Implications and Future Outlook

Enhanced Scientific Discovery

This work demonstrates the practical potential for neural networks to not only predict outcomes but also help identify and understand the scientific principles governing the data. This capacity can profoundly impact fields where data is abundant, but theoretical understanding lags, or where existing theories are known to be approximations, such as astrophysics, materials science, and genomics.
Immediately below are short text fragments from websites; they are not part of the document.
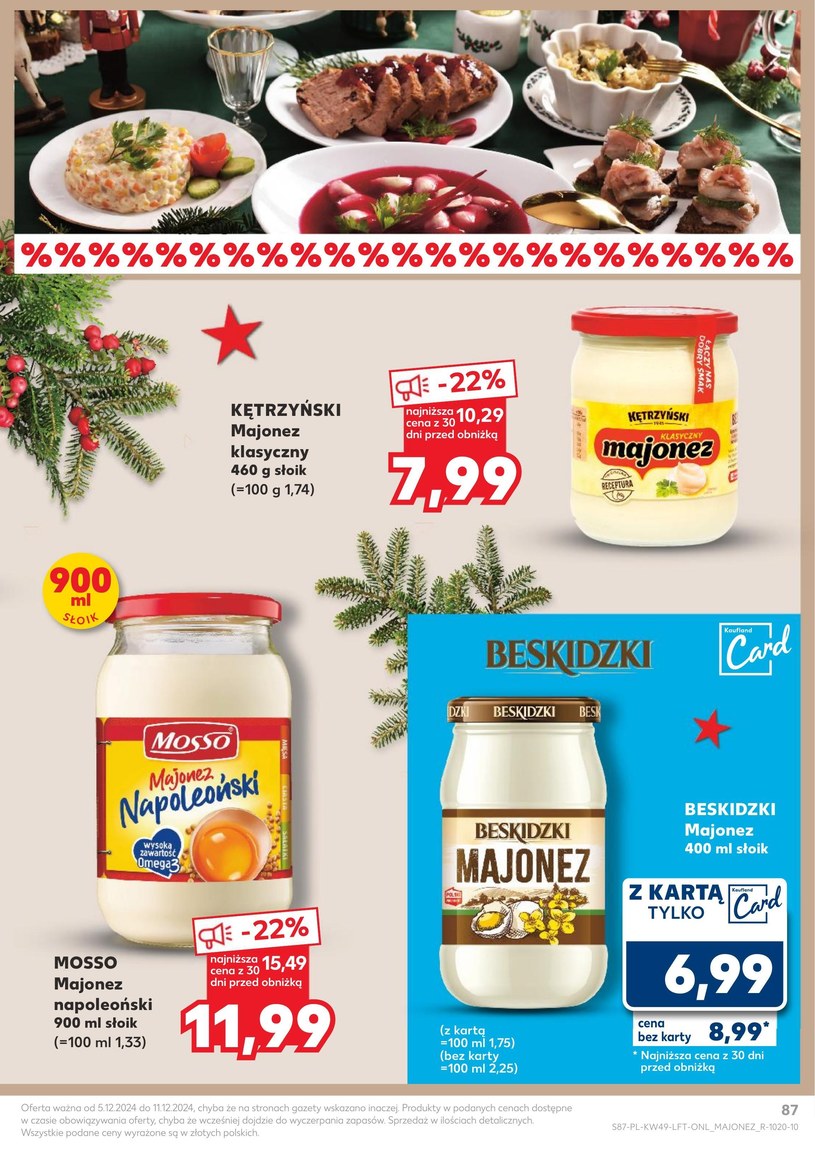 Gazetka: Święta pełne smaku - Kaufland - strona 87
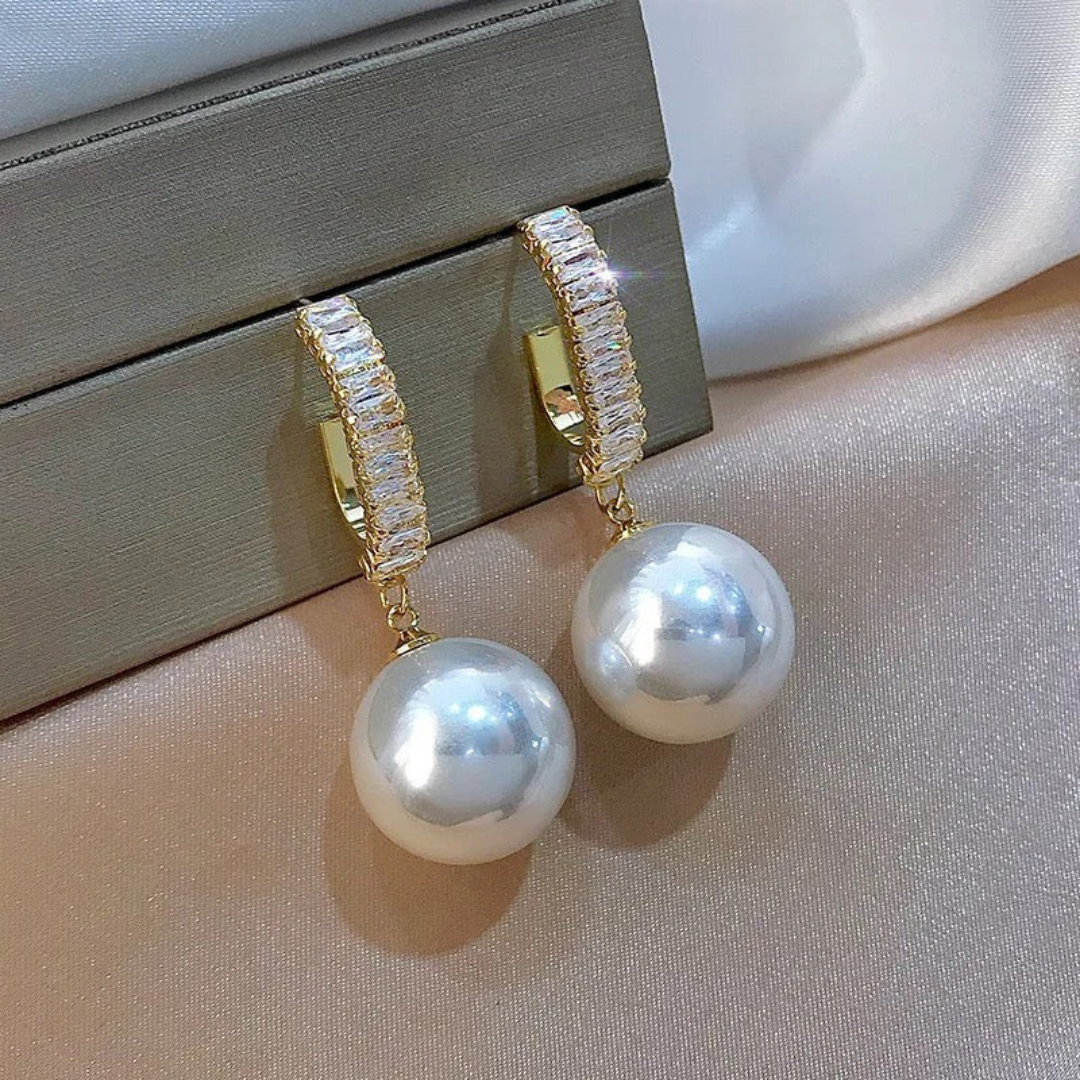 Pearl Stone Earrings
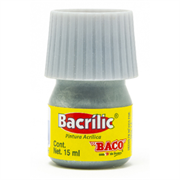PINTURA BACO ACRÍLICA PLATA 15ML C/10 PN082 - Código: PN082 | Compra en Guadalajara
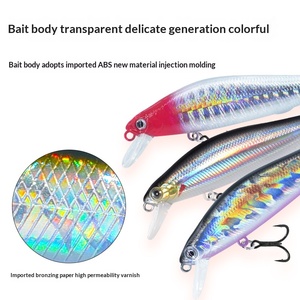 Señuelo de pesca de pez espada, cebo de lápiz de acero inoxidable de hundimiento lento, lanzamiento ultralargo sin anzuelos, para pesca con mosca en agua dulce y salada, para lubina. - Product Image 3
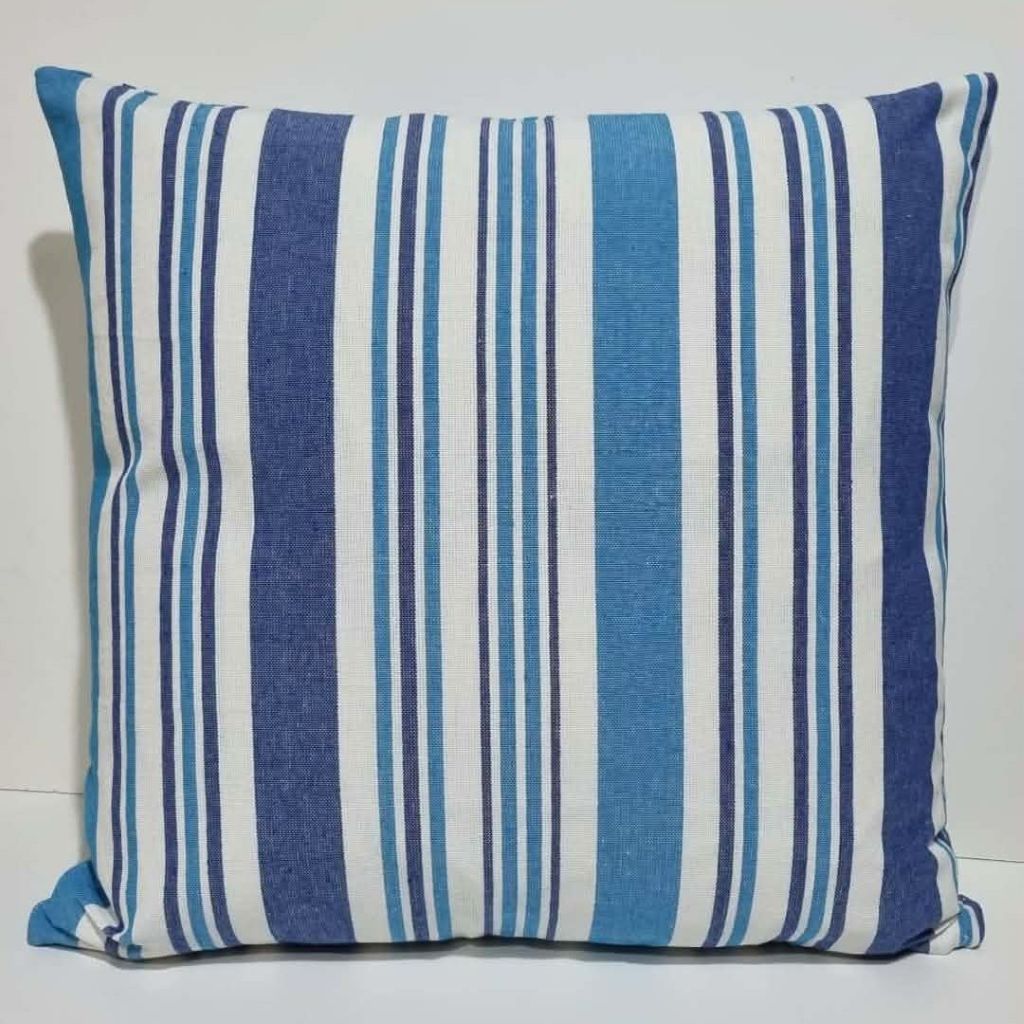 Blue and Bhite Striped Cushion Covers-Coastal Living-Hamptons Decor-45x45cm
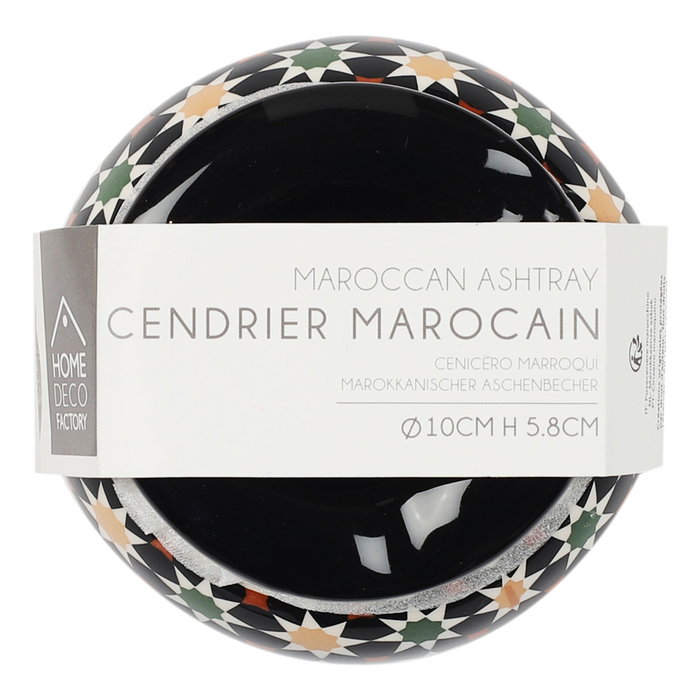 Home Deco Factory Cendrier Eau D.10 cm Marocain Mirage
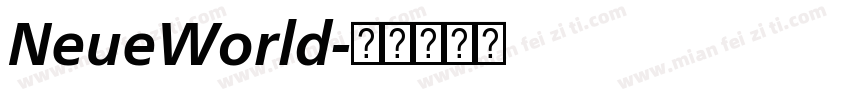 NeueWorld字体转换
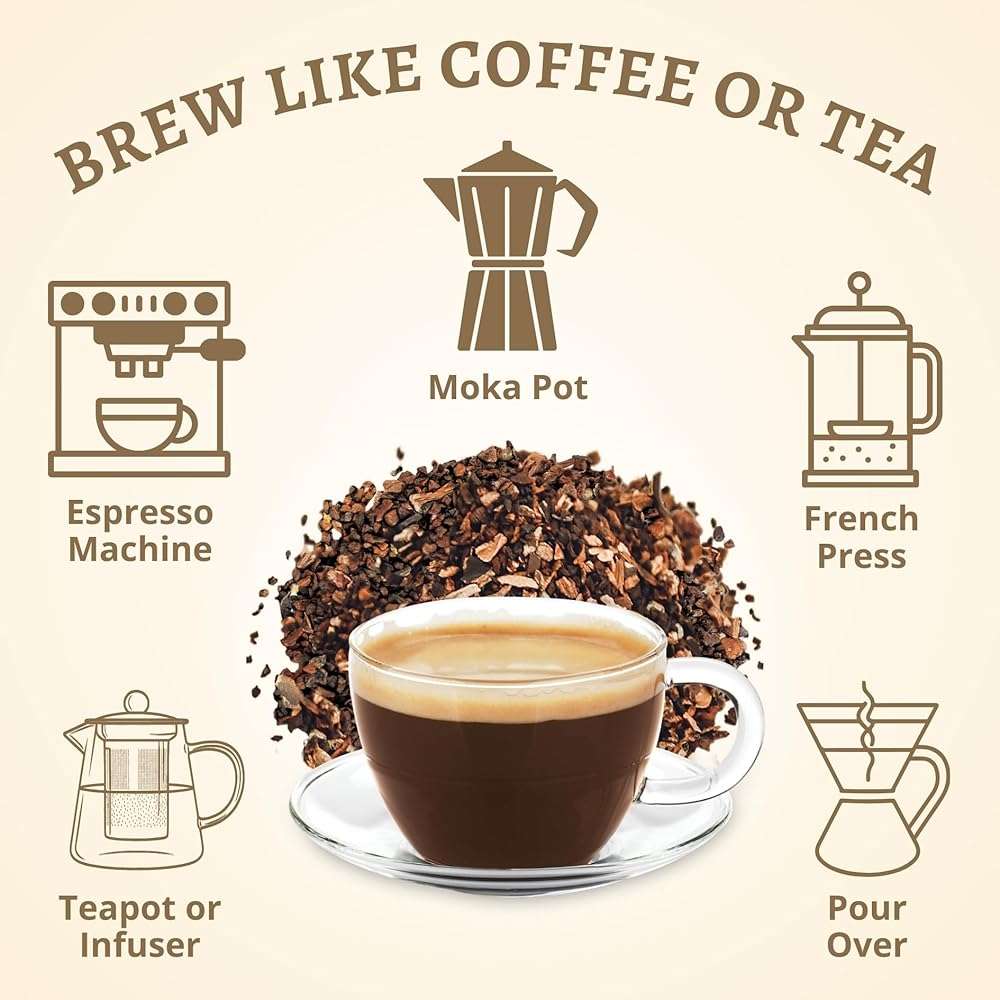 DelighTeas Organic Coffee Alternative | Ayurvedic Herbal Chicory Dandelion Coffee | Coffee Substitute | USDA Organic, Caffeine Free, Gluten Free | With Sweet Notes of Carob | 50 servings, 6oz. - Image 6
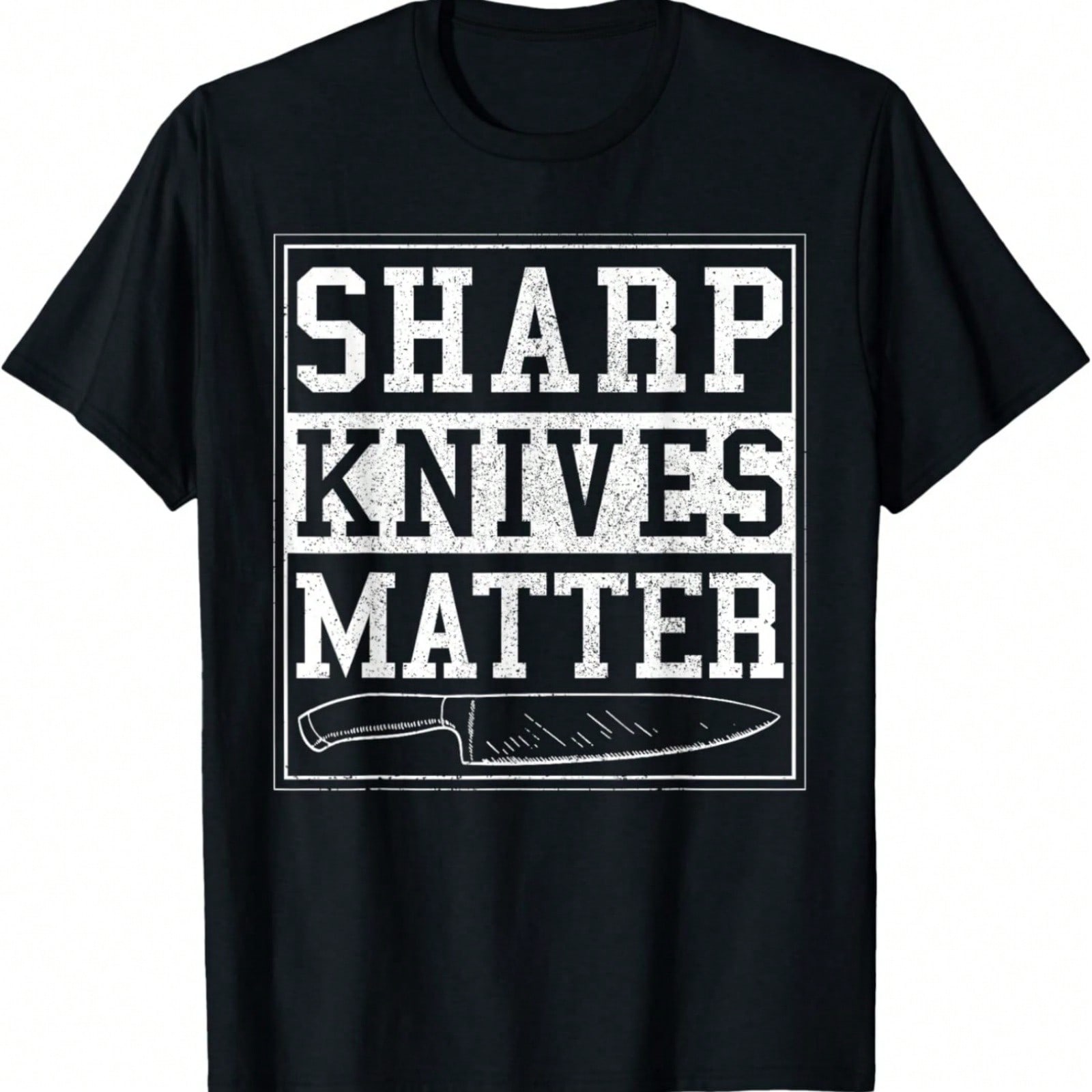 Sharp Knives Matter T-Shirt - Funny Chef Gift Cooking Shirt T-Shirt S разноцветный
Symbolic Regression and Physics Modeling

A noteworthy step in utilizing learned representations is their application in symbolic regression to recover physics models. The study's symbolic regression efforts yield expressions that approximate the SEMF and hint at more accurate corrections, albeit less interpretable ones. Future work could refine these techniques, enhancing the interpretability of derived models.

Methodological Advances

The authors outline a rigorous methodology that combines neural network training with systematic representation analysis. By projecting embeddings and activations into principal component spaces and examining their structures, the study advocates for a comprehensive interpretability approach applied to scientific data-driven models. This approach includes:

  1. Latent Space Topography: Using projections onto principal components to visualize how changes in latent features affect predictions.
  2. Helix Parameterization: Fitting and perturbing helix parameters to understand their implications on model outputs.
  3. Symbolic Matching: Employing cosine similarity for feature comparison between AI-derived components and known physical terms.

Conclusion

In summary, the paper posits that mechanistic interpretability, when applied to models trained on scientific data, can lead to the rediscovery of known principles and identification of novel insights. This approach is shown to be particularly effective in domains such as nuclear physics, where both well-understood areas and unresolved questions coexist. By revealing how machine-learned representations compare with human-derived theories, this work opens new avenues for integrating AI into scientific discovery, providing both practical tools for better model understanding and theoretical opportunities for advancing domain knowledge. As computational power and modeling techniques progress, the potential for such interdisciplinary applications of AI will only grow, promising further breakthroughs at the nexus of data science and fundamental research.